102In fact the plaintiff's correspondence to the defendant focussed upon property and accounting issues concerning the de facto relationship claim: Exhibit "1", Tabs 16 and 18. That focus continued throughout, from May 2004 and until the termination of the Supreme Court proceedings between the plaintiff and Ms Jones in 2006: Exhibits "AE"; "1", Tab 13; "AAF"; "AAC"; "F"; "K"; "G"; "Z"; "W"; "Q"; "AA"; "AL"; "AZ"; "1", Tab 7; "AM"; "AN"; "AO"; "1", Tab 8; "AY"; "AF"; "1", Tab 18; "M"; "N".
103The documentary exhibits show that some of the defendant's correspondence to the plaintiff was responsive to correspondence the plaintiff had sent to him. The plaintiff tendered the defendant's correspondence addressing issues the plaintiff had communicated to the defendant. However, some of the plaintiff's correspondence to the defendant, which generated that correspondence, was not in evidence. Examples of this are Exhibits "D" and "AJ". This adds a layer of difficulty to construing the relationship between the parties in terms of the scope of the work agreed to be undertaken by the defendant on the plaintiff's behalf.
104On 30 April 2004 following a conference with the plaintiff, the defendant, and his counsel Ms Cohen, the plaintiff gave instructions which resulted in Ms Cohen drafting an amended District Court Statement of Claim in the plaintiff's de facto relationship litigation. In those instructions, the plaintiff agreed to abandon his claim for his chattels allegedly stolen by Ms Jones. He took that pragmatic position on advice that included considerations of the affordability of the litigation where many individual items were involved and pragmatic considerations as to whether, realistically, those goods still existed: Defendant's Affidavit sworn 4 April 2014, paragraph 22.
105At that time, the focus of the parties was on the properties in issue, and the need to obtain removal of the caveats in force in respect of that property.
106At around that time Ms Jones had tried to sell the property in question, the purchaser's solicitor pursued a summons for specific performance in the Supreme Court against Ms Jones and the plaintiff, and also seeking the removal of the caveat on the property and for transfer. The plaintiff had crossclaimed against Ms Jones in those proceedings. The defendant acted for the plaintiff in those proceedings, as did Ms Cohen.
107On 27 May 2004, in those proceedings, White J ordered the caveat to be removed. A costs order was made against Ms Jones and the plaintiff, but the plaintiff obtained an order that Ms Jones indemnify him in respect of those costs: Defendant's affidavit sworn 4 April 2014, paragraphs 30 and 31.
108In the meantime, the plaintiff was experiencing financial difficulties and on 15 June 2004, he was unable to complete the related conveyancing transaction.

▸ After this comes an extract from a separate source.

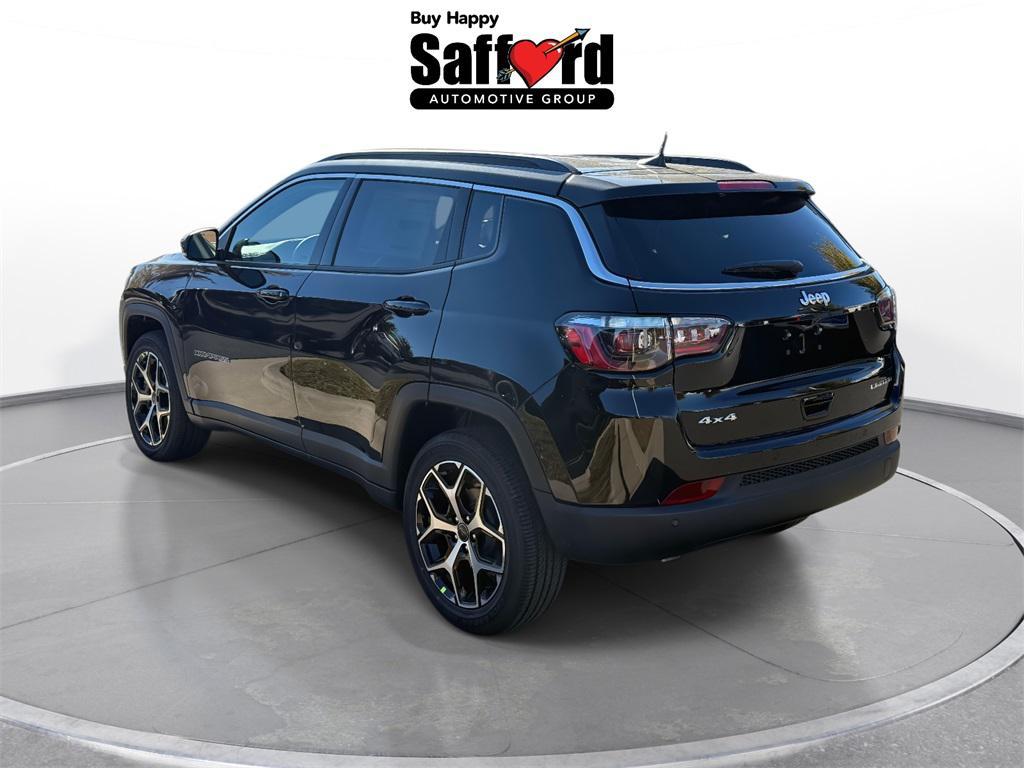 new 2026 Jeep Compass car, priced at $31,018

He wrote to the defendant to advise that he was now subject to a binding penalty clause imposing a penalty of $4931.82 per day: Exhibit "AAD". At that time the plaintiff was anxious to settle to avoid incurring losses, and indicated this position to the defendant: Exhibit "AAF". Without co-operation from Ms Jones, the defendant could not have done much for the plaintiff along those lines.
109These circumstances will be further examined in connection with my consideration and findings on Issue 1 concerning the scope of the retainer of the defendant and Issue 6 concerning the assessment of damages.